*** Data excerpts Section Begins ***

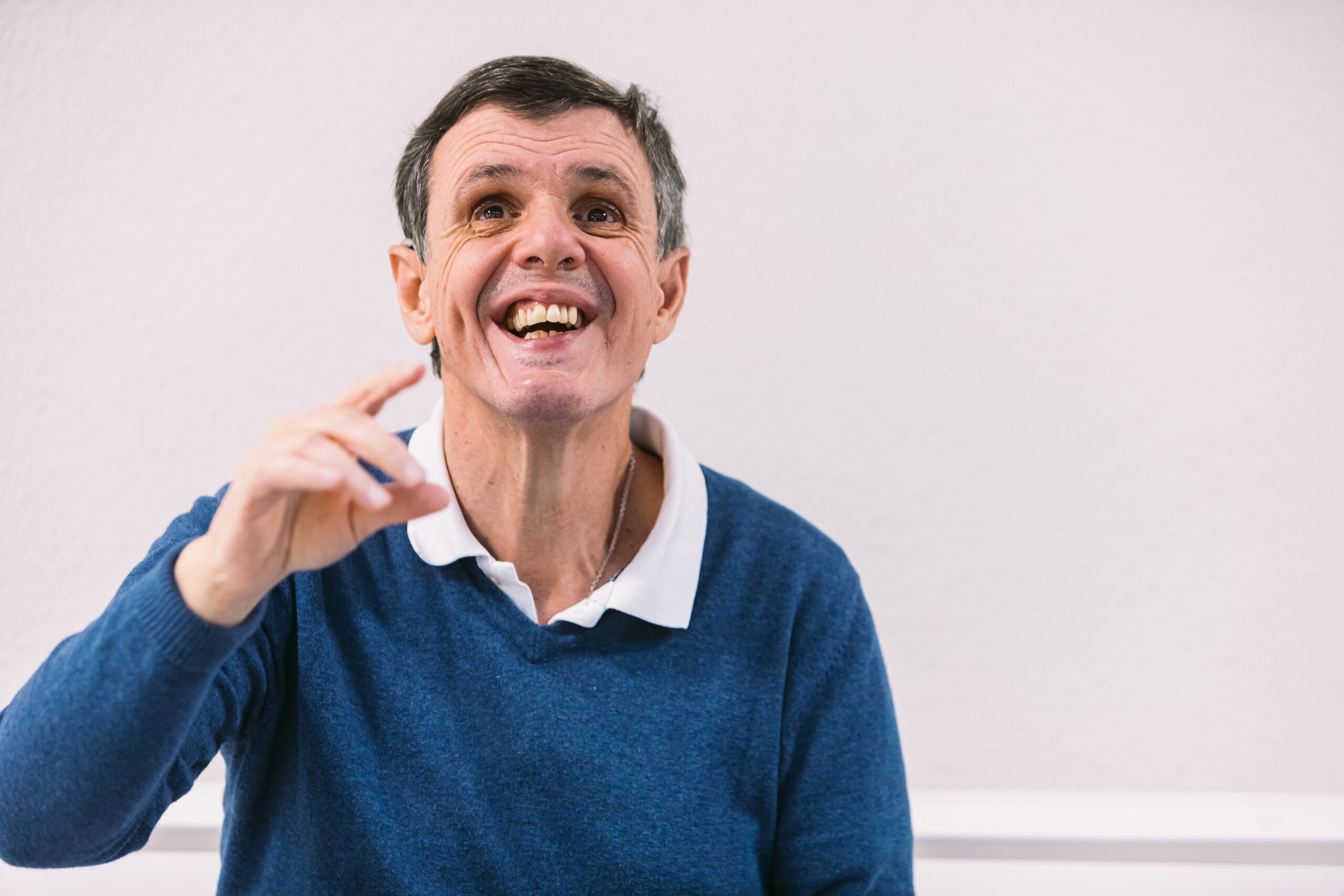 Un hombre adulto con autismo sonríe mirando hacia arriba.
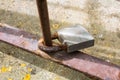 Image of a padlock tied to a rusty pole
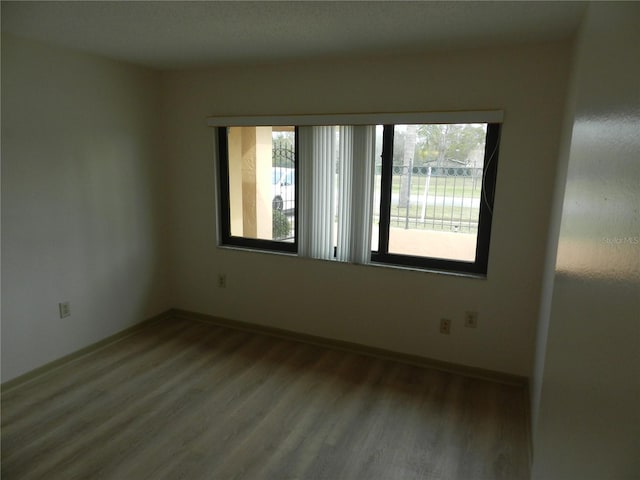 unfurnished room with wood finished floors and baseboards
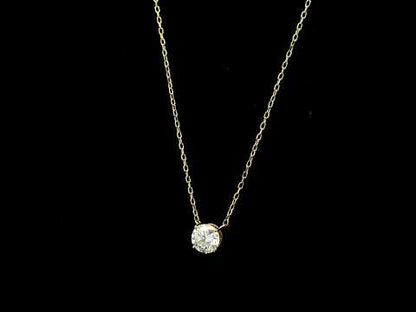 18K yellow gold solitaire necklace featuring a 1.01 carat GIA certified round brilliant natural diamond in a classic four-prong setting.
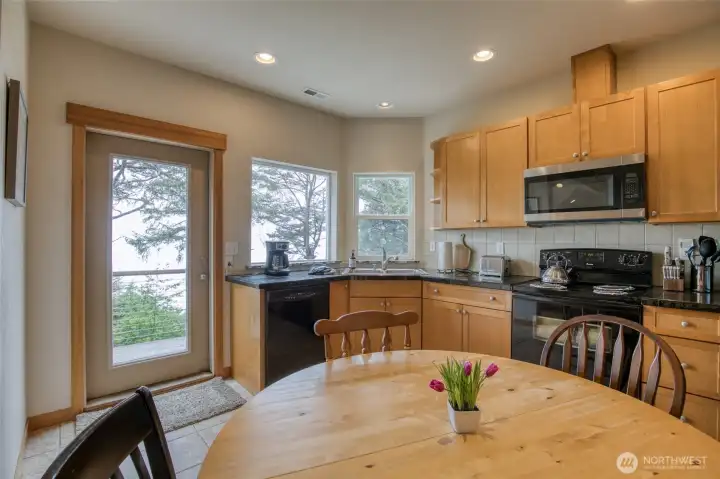 Off the kitchen (and on the oceanside) is a beautiful....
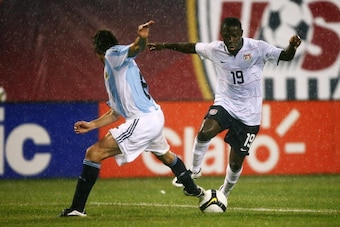 EAST RUTHERFORD, NJ - JUNE 08:  Freddy Adu #19  of the United States of America drives the ball past Javier Zanetti #8  of Argentina during their match at Giants Stadium on June 8, 2008 in East Rutherford, New Jersey.  (Photo by Al Bello/Getty Images)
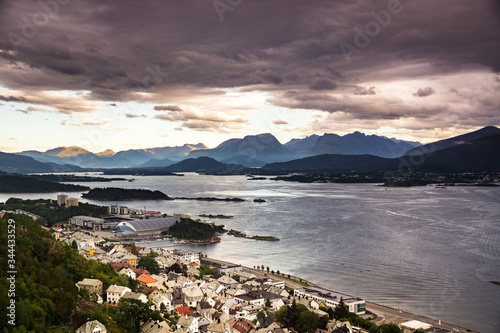 City or village in norway during sunset with sea clouds ships and sun in warm colors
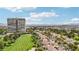 Wide aerial view showing homes alongside a lush golf course, with the modern Las Vegas skyline as a backdrop at 3177 Bel Air Dr, Las Vegas, NV 89109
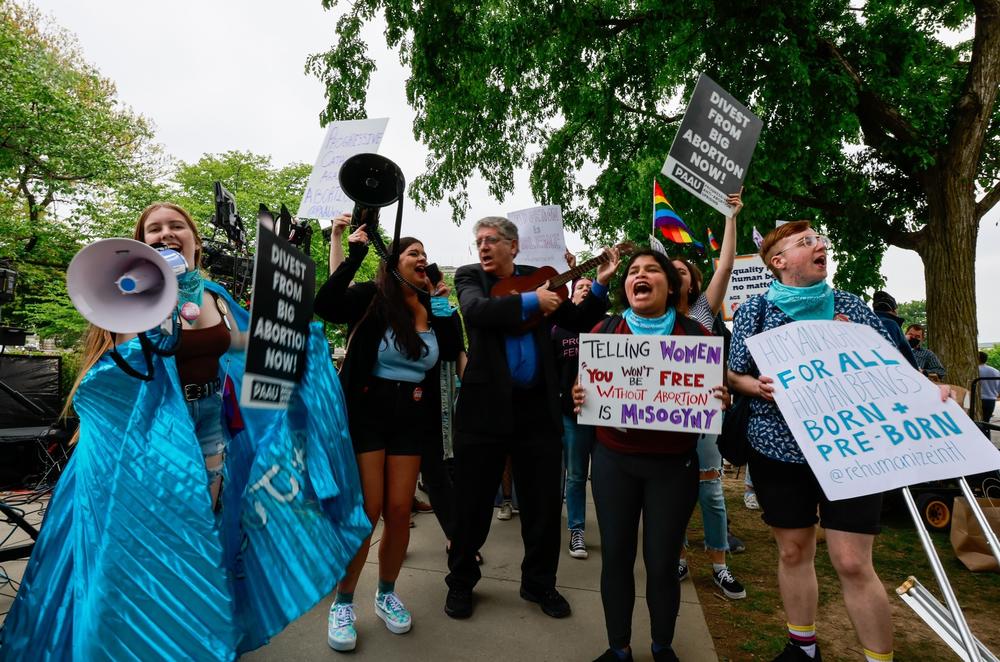 Protesters gather outside the U.S. Supreme Court building Tuesday.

*** Data excerpts Section Ends ***

● **Exercise goal**
Please transcribe, word for word, every line from the one containing "Off the kitchen" through the last line of the records, both included, and leave the pictures out.

● **The answer**
 Off the kitchen (and on the oceanside) is a beautiful....
 EAST RUTHERFORD, NJ - JUNE 08:  Freddy Adu #19  of the United States of America drives the ball past Javier Zanetti #8  of Argentina during their match at Giants Stadium on June 8, 2008 in East Rutherford, New Jersey.  (Photo by Al Bello/Getty Images)
 City or village in norway during sunset with sea clouds ships and sun in warm colors
 Wide aerial view showing homes alongside a lush golf course, with the modern Las Vegas skyline as a backdrop at 3177 Bel Air Dr, Las Vegas, NV 89109
 Protesters gather outside the U.S. Supreme Court building Tuesday.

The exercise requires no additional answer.